In stage 3, I started to establish a node structure based on the research questions. For example, all the codes relevant to the first question (HCS’s perceptions of cultural differences) were grouped and revised again and again. Meanwhile, I
went back to the literature and attempted to seek differences and similarities. For example, in searching for themes relevant to HCS’s perceptions of cultural differences, I found that the participants constructed cultural differences of three types: personality, communication styles, and cultural values. Research on personality is in the field of psychology and so I had to read literature relevant to personality. Once the subthemes had been established, I created three nodes under the node “perceptions of cultural differences”: differences in personality, differences in communication styles, and differences in cultural values. In the same way, I created two nodes under the node “differences in personality”, two nodes under the node "differences in communication styles", and four nodes under the node “differences in cultural values”. As I did this, the hierarchical structures of the nodes were gradually created and their relationships became apparent. The names of the nodes were gradually developed into the themes and subthemes of this study (see Appendix 10 for a sample of node structure about the first question).

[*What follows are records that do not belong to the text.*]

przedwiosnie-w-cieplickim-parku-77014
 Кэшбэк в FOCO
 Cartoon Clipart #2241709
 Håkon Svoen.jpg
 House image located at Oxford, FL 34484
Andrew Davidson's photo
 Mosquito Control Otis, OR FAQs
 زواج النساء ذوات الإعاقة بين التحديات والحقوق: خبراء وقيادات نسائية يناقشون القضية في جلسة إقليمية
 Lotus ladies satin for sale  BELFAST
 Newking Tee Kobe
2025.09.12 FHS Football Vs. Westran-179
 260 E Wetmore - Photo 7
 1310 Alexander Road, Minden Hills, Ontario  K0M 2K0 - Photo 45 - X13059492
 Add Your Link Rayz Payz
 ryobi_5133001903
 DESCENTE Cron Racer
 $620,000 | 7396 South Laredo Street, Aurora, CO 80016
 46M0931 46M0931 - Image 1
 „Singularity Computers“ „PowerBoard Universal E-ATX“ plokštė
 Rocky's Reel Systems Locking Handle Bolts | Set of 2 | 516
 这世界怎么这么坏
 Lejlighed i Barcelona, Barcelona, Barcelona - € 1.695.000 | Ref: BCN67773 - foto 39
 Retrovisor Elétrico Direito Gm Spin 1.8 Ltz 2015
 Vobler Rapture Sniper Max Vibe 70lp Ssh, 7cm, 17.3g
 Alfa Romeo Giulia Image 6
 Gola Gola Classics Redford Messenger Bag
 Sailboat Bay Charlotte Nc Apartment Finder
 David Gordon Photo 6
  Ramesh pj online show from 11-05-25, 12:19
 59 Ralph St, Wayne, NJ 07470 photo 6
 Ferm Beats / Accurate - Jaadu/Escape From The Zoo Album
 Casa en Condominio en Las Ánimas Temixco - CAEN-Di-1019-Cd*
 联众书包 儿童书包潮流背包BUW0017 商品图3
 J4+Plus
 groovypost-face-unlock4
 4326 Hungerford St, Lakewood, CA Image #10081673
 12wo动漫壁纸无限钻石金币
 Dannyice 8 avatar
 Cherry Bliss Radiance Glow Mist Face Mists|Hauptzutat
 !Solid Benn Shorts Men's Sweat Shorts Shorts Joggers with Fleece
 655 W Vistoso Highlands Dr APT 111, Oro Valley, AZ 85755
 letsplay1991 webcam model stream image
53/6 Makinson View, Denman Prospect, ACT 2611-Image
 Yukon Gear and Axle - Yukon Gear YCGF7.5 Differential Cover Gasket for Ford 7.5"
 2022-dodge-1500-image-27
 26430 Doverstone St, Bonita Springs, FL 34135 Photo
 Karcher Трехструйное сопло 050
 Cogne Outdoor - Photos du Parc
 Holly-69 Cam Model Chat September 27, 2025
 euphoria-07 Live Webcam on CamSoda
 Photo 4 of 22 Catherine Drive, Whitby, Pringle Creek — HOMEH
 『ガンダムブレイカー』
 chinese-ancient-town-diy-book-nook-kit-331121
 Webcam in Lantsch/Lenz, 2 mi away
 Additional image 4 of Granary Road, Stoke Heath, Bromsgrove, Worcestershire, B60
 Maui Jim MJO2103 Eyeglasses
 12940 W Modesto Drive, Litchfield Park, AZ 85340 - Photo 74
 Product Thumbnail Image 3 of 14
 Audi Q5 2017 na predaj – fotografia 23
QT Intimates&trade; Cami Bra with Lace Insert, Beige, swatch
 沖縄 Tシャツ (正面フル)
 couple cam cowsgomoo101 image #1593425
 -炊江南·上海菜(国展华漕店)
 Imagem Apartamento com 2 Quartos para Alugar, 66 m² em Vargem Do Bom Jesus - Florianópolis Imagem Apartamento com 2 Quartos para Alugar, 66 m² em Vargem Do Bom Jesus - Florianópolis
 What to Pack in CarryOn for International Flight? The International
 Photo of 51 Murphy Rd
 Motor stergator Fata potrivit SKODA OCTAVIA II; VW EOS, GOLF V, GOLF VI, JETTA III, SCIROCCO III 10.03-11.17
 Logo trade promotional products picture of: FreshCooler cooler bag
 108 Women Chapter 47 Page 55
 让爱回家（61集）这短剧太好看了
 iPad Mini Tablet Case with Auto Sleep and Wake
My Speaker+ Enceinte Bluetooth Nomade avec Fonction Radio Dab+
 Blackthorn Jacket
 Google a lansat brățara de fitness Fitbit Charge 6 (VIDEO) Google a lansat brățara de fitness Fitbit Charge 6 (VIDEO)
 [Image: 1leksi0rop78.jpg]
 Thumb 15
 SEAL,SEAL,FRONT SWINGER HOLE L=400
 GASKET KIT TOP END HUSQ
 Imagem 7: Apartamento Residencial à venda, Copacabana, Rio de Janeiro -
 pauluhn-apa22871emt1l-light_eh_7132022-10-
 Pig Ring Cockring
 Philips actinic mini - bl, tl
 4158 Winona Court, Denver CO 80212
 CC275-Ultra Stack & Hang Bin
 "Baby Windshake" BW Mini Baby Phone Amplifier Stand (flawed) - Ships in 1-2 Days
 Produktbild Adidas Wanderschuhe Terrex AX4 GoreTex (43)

Stages 4, 5 and 6 of the data analysis were intertwined with each other. In effect, after collating all the codes into potential themes, I started to write up the data findings chapter by chapter, discussing the preliminary findings with my supervisor and then refining again and again. Meanwhile, I presented them at two international conferences in November 2012 and April 2013. From these presentations I received valuable suggestions about the theoretical framework, the ways I analysed the data and the themes I had categorized. For example, in the second conference, some experts questioned the framework I had adopted and suggested that I should make the reasons why I adopted it clear.
The whole process of data analysis turned out to be complex. Because of my scientific academic background (my first degree was applied mathematics and my master’s degree was management science and engineering), I ignored the diversity and complexity of the data, and tried to fit my data into existing categories from the literature in the first stages of data analysis. Fortunately, the problem was pointed out by my supervisor who pulled me back from a quantitative to a qualitative approach to analysing my data. The process of data analysis was a process of knowledge and research skill building. It happened gradually, but
eventually the phenomena and the issues in question became clear through the processes described above, which led to the development of the next two chapters (findings and discussion) of this thesis.